There's one for most commands. As yabbadabbadont said, the string "--" is used on some of them to terminate the options list. However, I would avoid such names for a file when possible. Some non-standard tools might not be that happy about such kind of file names.

----------

## ViciousFrank

yabba, -- seems to work fine. Thanks for the tip!

Easy target, I do not understand why "\-l" could not work, like we do with "\&" (maybe it's only Bash parsing the string before it calls the commands)... Also I did not choose the name of files starting with "-", I think it's ugly too, but it was in another person files...

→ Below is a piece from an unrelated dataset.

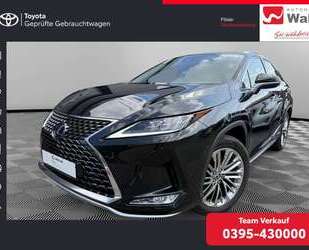 Lexus RX 450h Gebrauchtwagen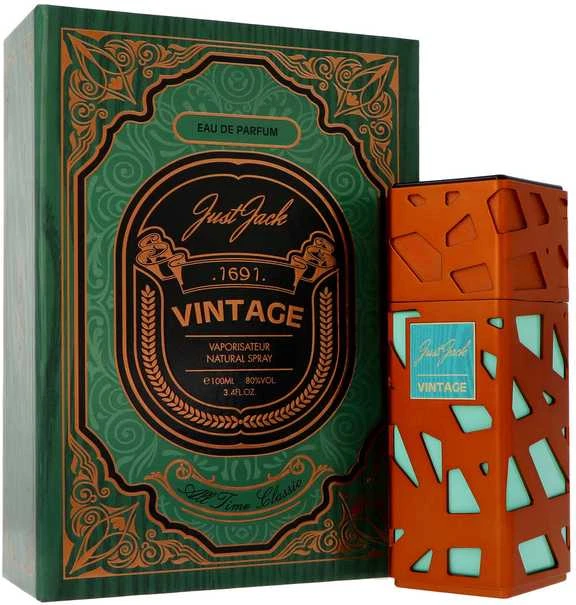 Just Jack Vintage EDP parfumuotas vanduo unisex, 100 ml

I think this is a security issues, since it permits a certain form of code injection... By example with some "-exec" filename followed by a command filename. And it looks like this problem is in BASH in general and not a bad configuration from Gentoo. I continuing to think that it is a dangerous problem because "*" may be considered safe by most people since it already protect certain characters.

Thanks for your answers !

----------

## i92guboj

 *Quote:*   

> Easy target, I do not understand why "\-l" could not work, like we do with "\&"

 

Escaping a character is a simple mechanism to prevent the shell from interpreting special characters before they reach the application. The hyphen is not a special character in bash, and it's not intercepted/interpreted by bash. It reaches the application, and it's the application and not the shell who decides that "-something" is a special option and not a file name or anything else.

There's absolutely nothing that the shell can do about that. That's why escaping can never help on this concrete case.

----------

## ViciousFrank

That's what I thought later about the BASH parser... And replacing "-l" by "[pathtofile]/-l" will cause problems either in other utilisation cases.

I should think to add -- in my futures scripts...   :Sad: 

Anyway, thanks a lot !

Frank

----------

## Hu

 *ViciousFrank wrote:*   

> 
> 
> I should think to add -- in my futures scripts...  
> 
> 

 

It would be safer to use ./* rather than -- *.  The former ensures that the called application sees a leading ./, which should avoid the option parser in all sane programs.  The latter relies on the called application to understand the convention that -- signals an end to arguments.  Some applications may not understand this, and will continue accepting "options" that appear after the --.

----------

## easy target

 *i92guboj wrote:*   

> There's one for most commands. As yabbadabbadont said, the string "--" is used on some of them to terminate the options list. However, I would avoid such names for a file when possible. Some non-standard tools might not be that happy about such kind of file names.

 

OK, I haven't thought about that :).

----------

## UberLord

 *Hu wrote:*   

> Some applications may not understand this, and will continue accepting "options" that appear after the --.

 

Such applications should be recorded to call getopt (3) or the GNU variant for long options.

----------